Despite what you might think about William Shatner the actor, William Shatner the man is an endearing person, and with his daughter he provides a gentle insight into the problems he faced with time and money, and his constant battles with Paramount to get the movie he wanted on screen. The evolution of the plotlines, and the insistence on character consistency by the relevant actors is fascinating. It almost made it worth watching the movie again!
Also provided is a text commentary. This is “written” by Michael Okuda, author of the Star Trek Encyclopaedia. It can be watched at the same time that the spoken word commentary is provided by the Shatners, although taking in both can be a little confusing. This is not a feature I have seen before, and it is not one I would like to see again. If the relevant people can't be arsed to sit and commentate, I can't be arsed to sit and read! It's distracting and fragmenting, and I don't think it works. However for the sake of you dear reader I read every word. The information was mainly interesting, providing factual details on the production, (for example a scene was planned where a shot of Mt. Rushmore revealed the face of a female African-American President carved into the mountain), character motivation and background, and even a little humour, although there was some duplication with Shatner's recollections. As an experiment in added value features I think it fails. Stick to the commentaries.
Disc 2 Contains a number of excellent featurettes and documentaries that go above and beyond the usual marketing fluff on DVDs. Of particular note is a 30minutes retrospective with interviews with director, producers and production staff, further outlining the budgetary constraints, the major changes required to the end of the movie in order to stick to budget, and the experience of Shatner as a first time feature director. There is also video footage of the Star Trek V press conference, which proves if nothing else that an actor without a script is as dumb as you and me.
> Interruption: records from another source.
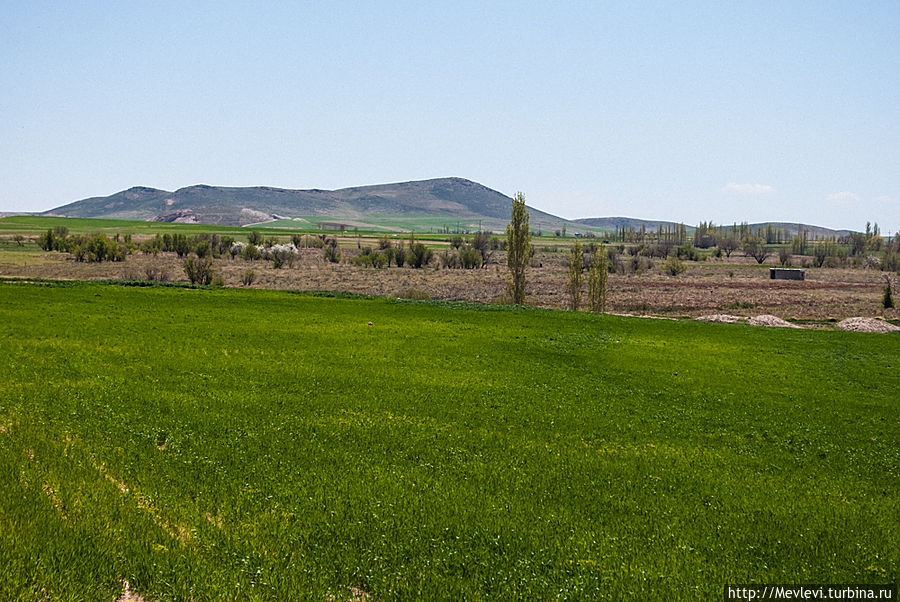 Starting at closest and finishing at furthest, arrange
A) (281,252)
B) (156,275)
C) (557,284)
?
(156,275) < (557,284) < (281,252)

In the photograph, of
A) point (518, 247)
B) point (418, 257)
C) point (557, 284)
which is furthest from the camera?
point (418, 257)

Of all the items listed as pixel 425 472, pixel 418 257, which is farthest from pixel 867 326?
pixel 418 257

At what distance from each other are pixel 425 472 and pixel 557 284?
83.1 metres

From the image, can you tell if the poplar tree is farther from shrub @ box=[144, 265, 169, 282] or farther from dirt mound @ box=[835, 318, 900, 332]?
shrub @ box=[144, 265, 169, 282]

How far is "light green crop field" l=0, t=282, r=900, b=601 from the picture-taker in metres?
9.27

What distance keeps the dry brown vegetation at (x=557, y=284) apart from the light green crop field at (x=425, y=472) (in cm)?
4482

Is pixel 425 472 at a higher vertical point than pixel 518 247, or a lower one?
→ lower

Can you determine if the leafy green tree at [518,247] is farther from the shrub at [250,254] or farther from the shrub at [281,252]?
the shrub at [250,254]

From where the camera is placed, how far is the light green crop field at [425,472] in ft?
30.4

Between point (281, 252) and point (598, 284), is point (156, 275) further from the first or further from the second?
point (598, 284)

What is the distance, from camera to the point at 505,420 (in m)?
17.4

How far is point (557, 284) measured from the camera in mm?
94062

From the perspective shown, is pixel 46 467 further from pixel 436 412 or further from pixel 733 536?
pixel 733 536

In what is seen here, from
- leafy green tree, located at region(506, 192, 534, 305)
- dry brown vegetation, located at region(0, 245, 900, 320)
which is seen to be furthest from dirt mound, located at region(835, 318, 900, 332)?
leafy green tree, located at region(506, 192, 534, 305) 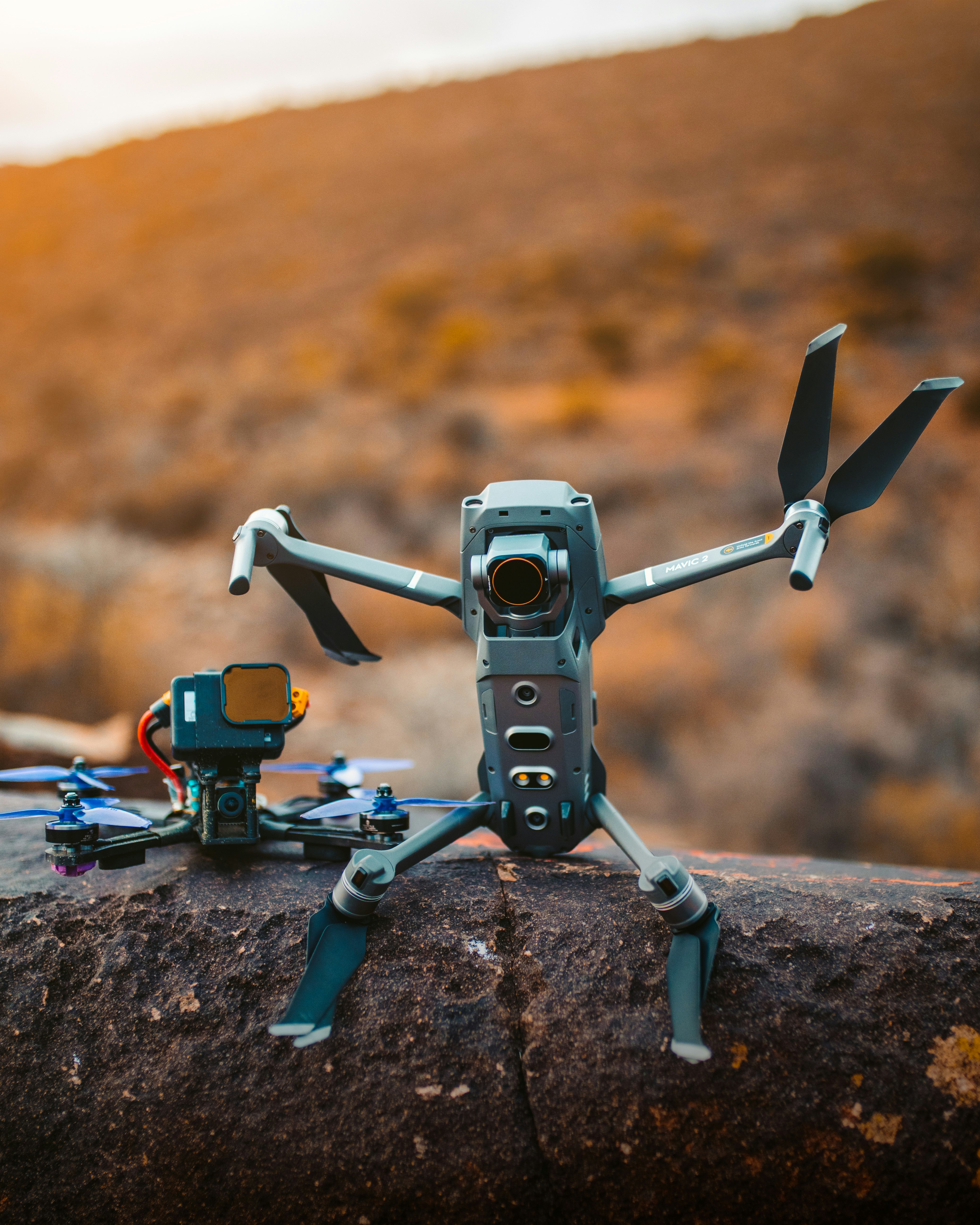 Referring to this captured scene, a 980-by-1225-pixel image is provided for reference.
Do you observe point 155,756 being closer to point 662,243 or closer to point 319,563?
point 319,563

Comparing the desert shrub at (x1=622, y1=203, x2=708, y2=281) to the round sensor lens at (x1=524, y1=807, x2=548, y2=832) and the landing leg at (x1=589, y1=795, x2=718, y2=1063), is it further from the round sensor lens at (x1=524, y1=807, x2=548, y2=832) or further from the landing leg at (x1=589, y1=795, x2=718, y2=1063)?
the landing leg at (x1=589, y1=795, x2=718, y2=1063)

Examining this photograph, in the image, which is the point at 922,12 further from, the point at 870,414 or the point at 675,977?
the point at 675,977

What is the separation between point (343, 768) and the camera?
3094 mm

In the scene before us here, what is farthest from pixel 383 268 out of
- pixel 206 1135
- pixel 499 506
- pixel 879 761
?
pixel 206 1135

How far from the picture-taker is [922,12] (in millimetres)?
18656

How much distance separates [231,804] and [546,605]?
1193 mm

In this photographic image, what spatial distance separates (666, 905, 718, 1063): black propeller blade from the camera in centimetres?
197

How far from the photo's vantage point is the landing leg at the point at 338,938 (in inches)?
84.3

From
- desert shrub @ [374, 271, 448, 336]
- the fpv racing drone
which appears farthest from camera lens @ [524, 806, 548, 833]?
desert shrub @ [374, 271, 448, 336]

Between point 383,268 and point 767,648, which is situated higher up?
point 383,268

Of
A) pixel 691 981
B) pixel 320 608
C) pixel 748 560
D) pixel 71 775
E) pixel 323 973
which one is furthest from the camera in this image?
pixel 320 608

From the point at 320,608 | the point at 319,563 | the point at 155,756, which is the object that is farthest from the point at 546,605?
the point at 155,756

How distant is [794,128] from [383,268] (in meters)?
8.84

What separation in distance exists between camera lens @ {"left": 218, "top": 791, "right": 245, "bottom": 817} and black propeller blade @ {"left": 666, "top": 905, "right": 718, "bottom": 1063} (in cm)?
139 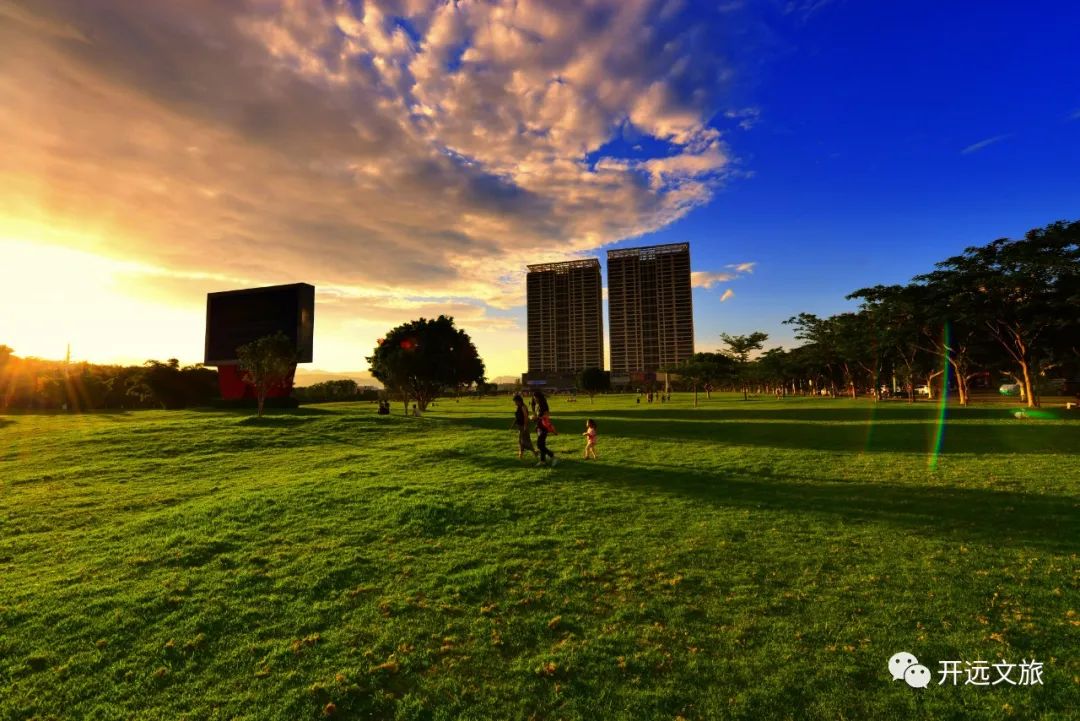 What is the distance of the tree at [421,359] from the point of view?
134 feet

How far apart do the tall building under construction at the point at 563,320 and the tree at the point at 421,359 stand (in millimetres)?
135228

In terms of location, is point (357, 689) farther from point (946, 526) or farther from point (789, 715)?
point (946, 526)

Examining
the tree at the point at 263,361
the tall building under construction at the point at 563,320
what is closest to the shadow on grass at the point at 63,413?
the tree at the point at 263,361

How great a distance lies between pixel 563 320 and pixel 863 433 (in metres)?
165

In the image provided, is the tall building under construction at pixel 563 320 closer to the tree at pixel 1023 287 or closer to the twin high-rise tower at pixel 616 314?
the twin high-rise tower at pixel 616 314

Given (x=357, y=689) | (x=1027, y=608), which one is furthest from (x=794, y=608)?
(x=357, y=689)

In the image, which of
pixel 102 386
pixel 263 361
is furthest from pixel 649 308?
pixel 263 361

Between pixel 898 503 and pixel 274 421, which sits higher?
pixel 274 421

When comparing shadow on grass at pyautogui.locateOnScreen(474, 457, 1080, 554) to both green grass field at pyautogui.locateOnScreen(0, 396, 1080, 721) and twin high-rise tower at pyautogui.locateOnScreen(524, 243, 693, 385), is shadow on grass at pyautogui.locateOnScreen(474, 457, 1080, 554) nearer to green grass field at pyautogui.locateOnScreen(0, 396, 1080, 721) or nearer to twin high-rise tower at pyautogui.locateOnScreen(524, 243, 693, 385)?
green grass field at pyautogui.locateOnScreen(0, 396, 1080, 721)

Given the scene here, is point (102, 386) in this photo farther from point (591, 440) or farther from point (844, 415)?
point (844, 415)

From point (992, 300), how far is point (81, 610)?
48162mm

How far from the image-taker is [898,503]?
11320mm

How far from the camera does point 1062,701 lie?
181 inches

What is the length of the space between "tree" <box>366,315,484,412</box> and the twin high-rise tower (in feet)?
415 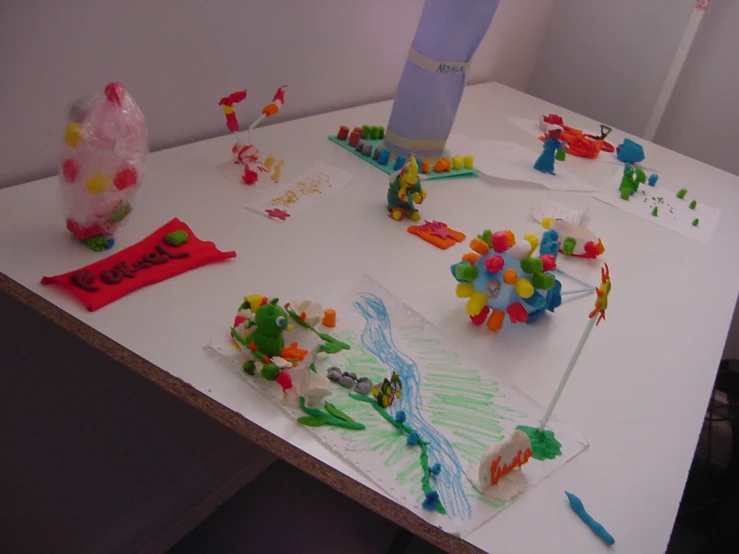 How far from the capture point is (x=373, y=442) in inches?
22.0

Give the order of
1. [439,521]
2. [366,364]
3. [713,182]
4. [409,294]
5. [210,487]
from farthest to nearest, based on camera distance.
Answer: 1. [713,182]
2. [210,487]
3. [409,294]
4. [366,364]
5. [439,521]

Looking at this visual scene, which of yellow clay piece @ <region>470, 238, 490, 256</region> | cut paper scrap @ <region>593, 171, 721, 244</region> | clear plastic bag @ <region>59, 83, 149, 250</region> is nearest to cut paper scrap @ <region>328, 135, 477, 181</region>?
cut paper scrap @ <region>593, 171, 721, 244</region>

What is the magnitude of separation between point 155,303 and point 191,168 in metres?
0.33

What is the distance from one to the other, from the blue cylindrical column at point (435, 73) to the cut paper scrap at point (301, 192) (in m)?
A: 0.15

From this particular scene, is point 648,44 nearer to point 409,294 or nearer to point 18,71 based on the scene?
point 409,294

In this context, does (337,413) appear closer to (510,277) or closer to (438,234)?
(510,277)

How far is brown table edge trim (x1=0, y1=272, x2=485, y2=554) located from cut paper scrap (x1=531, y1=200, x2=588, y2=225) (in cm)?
64

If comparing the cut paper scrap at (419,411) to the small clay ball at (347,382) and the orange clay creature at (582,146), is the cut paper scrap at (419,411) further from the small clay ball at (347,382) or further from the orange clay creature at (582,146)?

There are also short videos on the actors playing the lead klingons. Who are interviewed fawning over each other, and relating tales from the make-up room, and two mercifully short videos entitled Cosmic Thoughts, and A Green Future containing a variety of scientists doing what they do best, speculating and theorising on the cosmos and the future of the planet. The extensive package is further enhanced with production stills and make-up test footage for all the major, and minor characters, theatrical and TV trailers, and lost footage of the wisely deleted Rockman ending and other deleted scenes.
Overall, an exhaustive and entertaining couple of hours, which shows that even bad movies are made with the best intentions.
Poor dialogue, poor acting, poor special effects, a poorly restored print. These are not redeemed by a very good sound edit, and a well featured list of extras. Ultimately this is for die-hard trekkies and collection completists only.